Mythbusters Car Drop

1. Jan 11, 2010

danielatha4

Car A is dropped at 4000 ft where directly below is an x on the road. At the instant Car A is dropped Car B is exactly 4000 ft from the x driving down the road at a constant velocity of 142 mph. Does Car B make it past the x in time to avoid disaster?

It's such a simple kinematics problem that it's beautiful but unfortunately you have to take into consideration wind resistance Can anyone show an accurate application of wind resistance in this problem? From my understanding the mass of the car is 1600 kg and it dropped staying flat landing virtually on all 4 tires at the same time.
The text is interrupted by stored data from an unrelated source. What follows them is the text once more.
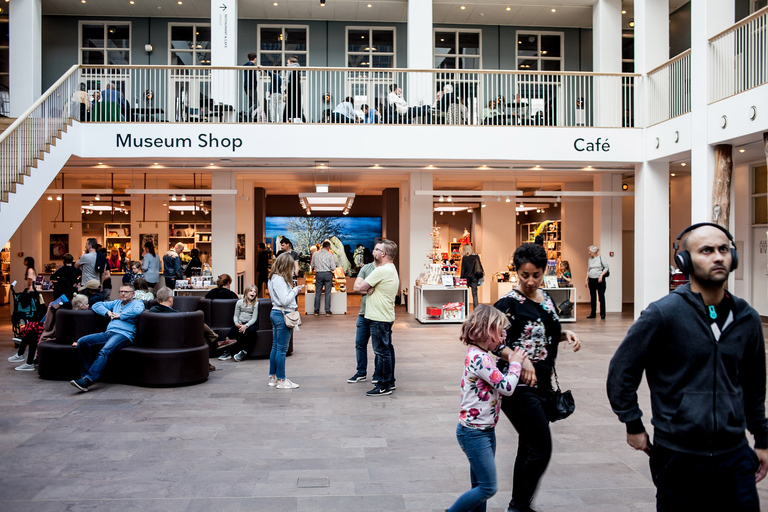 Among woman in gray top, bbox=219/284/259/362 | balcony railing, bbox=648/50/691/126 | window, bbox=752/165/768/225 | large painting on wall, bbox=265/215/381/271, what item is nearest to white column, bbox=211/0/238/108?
woman in gray top, bbox=219/284/259/362

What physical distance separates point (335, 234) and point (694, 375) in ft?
66.0

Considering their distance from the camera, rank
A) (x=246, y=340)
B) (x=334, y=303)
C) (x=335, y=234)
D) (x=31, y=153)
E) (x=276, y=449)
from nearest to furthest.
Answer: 1. (x=276, y=449)
2. (x=246, y=340)
3. (x=31, y=153)
4. (x=334, y=303)
5. (x=335, y=234)

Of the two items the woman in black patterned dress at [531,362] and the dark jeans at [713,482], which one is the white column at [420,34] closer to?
the woman in black patterned dress at [531,362]

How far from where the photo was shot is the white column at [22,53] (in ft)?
45.5

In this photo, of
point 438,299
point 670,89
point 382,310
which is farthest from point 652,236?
point 382,310

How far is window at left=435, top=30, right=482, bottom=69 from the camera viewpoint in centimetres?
1725

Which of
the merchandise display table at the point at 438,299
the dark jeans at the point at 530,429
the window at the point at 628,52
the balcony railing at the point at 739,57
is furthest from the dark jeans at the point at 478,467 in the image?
the window at the point at 628,52

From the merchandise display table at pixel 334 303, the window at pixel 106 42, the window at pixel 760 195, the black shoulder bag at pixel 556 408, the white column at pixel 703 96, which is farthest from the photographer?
the window at pixel 106 42

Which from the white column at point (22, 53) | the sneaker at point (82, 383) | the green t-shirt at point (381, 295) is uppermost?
the white column at point (22, 53)

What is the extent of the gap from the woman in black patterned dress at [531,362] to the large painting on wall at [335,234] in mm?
18424

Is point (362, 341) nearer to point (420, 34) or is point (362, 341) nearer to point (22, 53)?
point (420, 34)

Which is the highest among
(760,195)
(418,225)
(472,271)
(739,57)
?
(739,57)

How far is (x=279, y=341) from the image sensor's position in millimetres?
6723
For the heck of it I'll do the kinematics neglecting wind resistance:

time Car B takes to get to the x

x=vt
1219.2m = 63.5 m/s * t
t = 19.2 seconds

Does Car A hit the road is less time or more time than 19.2 seconds?

x=vot+1/2at2
x = 0 + 4.9 * 19.22
x = 1806.336m

therefore, less time

time it takes Car A to hit the road

x = 1/2at2
1219.2m = 4.9 * t2
t = 15.77 seconds

Seems like air resistance and terminal velocity make all the difference here

2. Jan 11, 2010

Staff: Mentor

142 mph would probably be pretty close to the terminal velocity of a car (maybe even above), so I expect the driving car would get there first.

3. Jan 11, 2010

mgb_phys

Terminal velocity is sqrt( 2mg / density A Cd )
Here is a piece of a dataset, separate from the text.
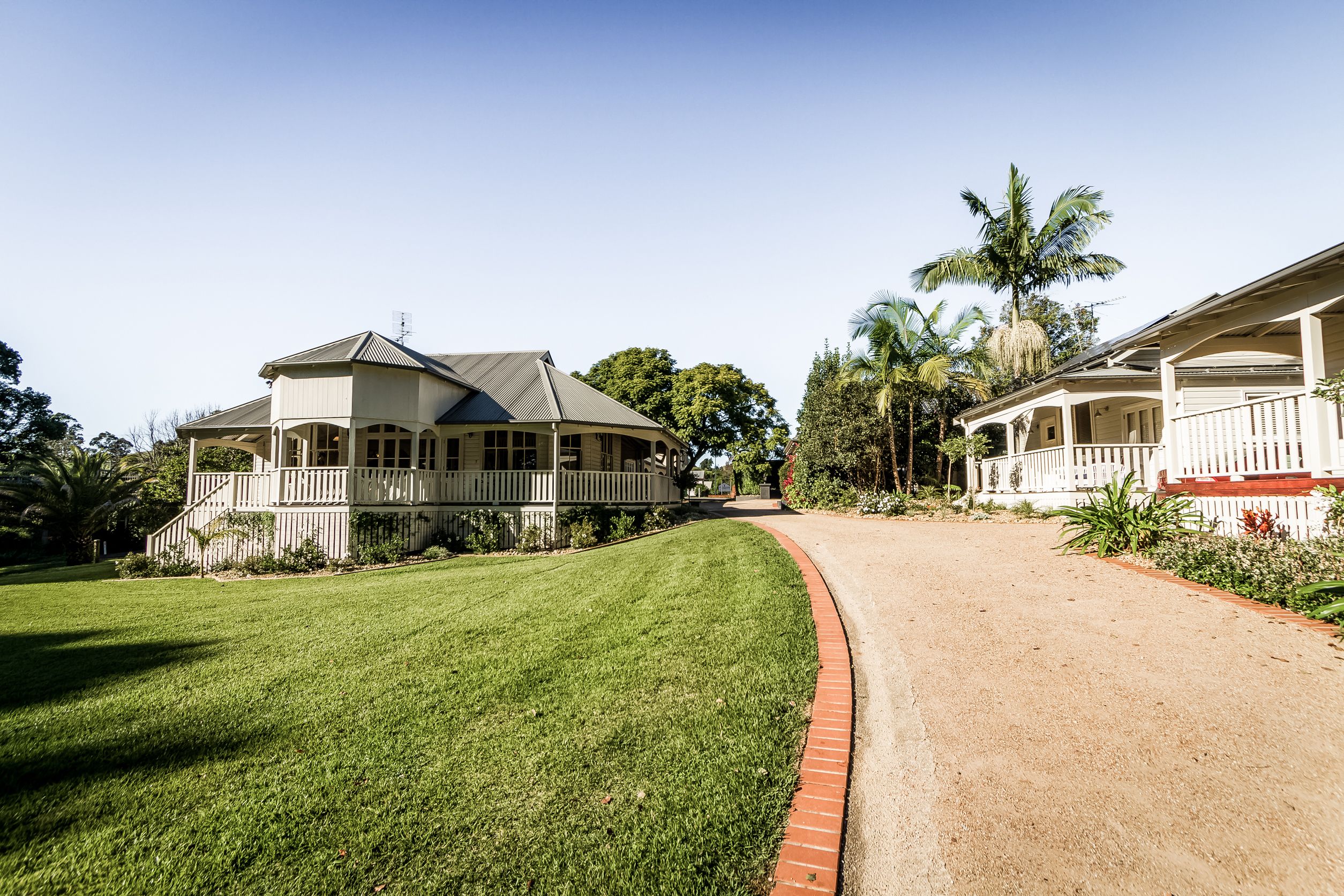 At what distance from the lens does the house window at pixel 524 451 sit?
60.9 feet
BMW 3 series = 4.4m * 1.7m 1465kg
Assuming that on four wheels Cd = 1
And air is density = 1.2kg/m^3

terminal V = sqrt ( (2 * 1465 * 9.8) / (1.2 * 4.4 * 1.7 * 1)) = 56.5 m/s = 126mph

4. Jan 11, 2010

danielatha4

Does anyone know how to setup the differential equation needed to map out the total time the Car takes to fall 4000 ft (1219.2m)?

Force due to drag is
Fd=1/2$$\rho$$v2ACd

Where v seems to be the changing variable here. Therefore, force due to drag is a function of velocity in this case?

5. Jan 11, 2010

diazona

In the episode in question, if I remember correctly, they could only get their car up to 120-ish mph, so they adjusted the horizontal distance to the target accordingly... it wasn't much of a physics experiment. But still cool I think the falling car hit first by a second or two.

6. Jan 11, 2010

diazona

Sure, just use $F = ma$, remembering that $a = \ddot{y}$ and $v = \dot{y}$ (dot stands for the time derivative, of course).

$$\frac{1}{2}\rho A C_d \dot{y}^2 - mg = m\ddot{y}$$

oooh, wait - is this a homework assignment?

7. Jan 11, 2010

Staff: Mentor

....and that's if it stays stable and nose-down...
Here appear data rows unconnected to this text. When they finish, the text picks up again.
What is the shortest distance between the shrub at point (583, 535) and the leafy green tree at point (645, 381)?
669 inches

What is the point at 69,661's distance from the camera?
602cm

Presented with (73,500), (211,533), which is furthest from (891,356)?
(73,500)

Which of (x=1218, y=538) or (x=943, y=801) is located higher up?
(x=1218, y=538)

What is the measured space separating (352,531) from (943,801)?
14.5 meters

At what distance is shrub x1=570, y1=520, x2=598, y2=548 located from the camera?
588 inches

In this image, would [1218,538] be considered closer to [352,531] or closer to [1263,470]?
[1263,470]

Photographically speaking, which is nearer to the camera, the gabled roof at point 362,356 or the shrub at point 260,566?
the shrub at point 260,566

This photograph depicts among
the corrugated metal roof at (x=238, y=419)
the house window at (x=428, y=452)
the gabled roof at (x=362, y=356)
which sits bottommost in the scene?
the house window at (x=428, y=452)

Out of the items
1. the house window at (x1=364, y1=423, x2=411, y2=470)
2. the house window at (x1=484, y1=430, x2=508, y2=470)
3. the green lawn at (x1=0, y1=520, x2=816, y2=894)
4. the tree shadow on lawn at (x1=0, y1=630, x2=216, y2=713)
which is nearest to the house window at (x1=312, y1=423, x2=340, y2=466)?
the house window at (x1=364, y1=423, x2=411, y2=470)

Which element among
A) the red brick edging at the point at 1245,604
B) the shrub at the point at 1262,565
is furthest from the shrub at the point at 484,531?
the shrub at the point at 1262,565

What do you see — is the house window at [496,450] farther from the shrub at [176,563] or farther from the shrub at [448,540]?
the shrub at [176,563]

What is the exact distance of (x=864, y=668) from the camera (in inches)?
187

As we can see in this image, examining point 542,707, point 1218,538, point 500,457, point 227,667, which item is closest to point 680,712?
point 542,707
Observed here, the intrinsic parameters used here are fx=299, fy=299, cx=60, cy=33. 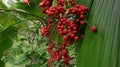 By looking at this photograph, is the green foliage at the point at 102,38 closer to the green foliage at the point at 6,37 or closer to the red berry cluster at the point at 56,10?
the red berry cluster at the point at 56,10

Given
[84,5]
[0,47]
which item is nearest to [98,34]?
[84,5]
When they meausred the terminal velocity of a falling (not spin stabilized) bullet, it fell sideways and was roughly stable in that configuration.

8. Jan 11, 2010

Staff: Mentor

[googles] 105mph, and with the falling car hitting a full 2 seconds before (308 feet at 105 mph), I wonder what they scaled their distances to?

....and btw, the falling car fell sideways, though oscillating somewhat. Here's the video: http://rippol.com/watch/mythbusters/car-drop-minimyth/?t=3025&v=2169551

9. Jan 11, 2010

danielatha4

They scaled the distance to 2950 feet I believe.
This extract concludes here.